During year five, there were three areas – education, health and the new Opportunity Zone designations – that continued to spark momentum for progress:


Partners for Education at Berea College received $109 million with two new Gaining Early Awareness and Readiness for Undergraduate Programs (GEAR UP) grants. The funds will help students in 19 Kentucky counties, including Promise Zone counties, prepare for college and receive the support they need to achieve success in postsecondary education.

The U.S. Department of Education grants will allow Partners for Education to work with a range of postsecondary institutions and key organizations to serve almost 20,000 students in 66 schools by offering a comprehensive set of programs for parents, students and schools to support and sustain a college-going culture.

It’s a formula that has proven successful: This past spring, high schools in the GEAR UP service region reported higher ACT scores and college-going rates for their senior classes.

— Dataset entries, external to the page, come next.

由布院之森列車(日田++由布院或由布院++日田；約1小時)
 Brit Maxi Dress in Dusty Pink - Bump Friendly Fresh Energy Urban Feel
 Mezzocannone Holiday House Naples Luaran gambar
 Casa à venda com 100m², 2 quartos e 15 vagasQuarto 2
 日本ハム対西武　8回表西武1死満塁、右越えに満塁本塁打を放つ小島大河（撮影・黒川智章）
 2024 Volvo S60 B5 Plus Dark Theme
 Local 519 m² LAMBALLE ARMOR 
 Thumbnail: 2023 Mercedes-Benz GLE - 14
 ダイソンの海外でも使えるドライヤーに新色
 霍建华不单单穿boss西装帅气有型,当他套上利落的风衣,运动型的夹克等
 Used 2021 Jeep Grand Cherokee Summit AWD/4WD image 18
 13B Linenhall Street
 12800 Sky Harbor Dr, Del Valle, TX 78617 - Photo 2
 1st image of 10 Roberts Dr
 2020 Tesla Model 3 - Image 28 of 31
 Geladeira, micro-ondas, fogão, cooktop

In addition, the Promise Zone STEM Camp, which received some funding through GEAR UP, continued for a third year. Last year’s participants built an accessory part for an automobile using 3D printing technology and presented their parts in a “Shark Tank”-like competition.

Students from the first Promise Zone STEM camp enrolled at the University of Louisville last fall. They both were named Grawemeyer Scholars – meaning two of the 10 awards in 2018 went to students from the Promise Zone. Scholarship recipients receive full tuition plus an $8,000 annual educational allowance to cover other university expenses.


The lack of health-care providers is the largest barrier for rural residents to accessing care. In Kentucky, 43 percent of the population lives in rural areas, but only 28 percent of physicians work in rural areas.

Two grants will bring a total of $1.5 million in investment for telemedicine.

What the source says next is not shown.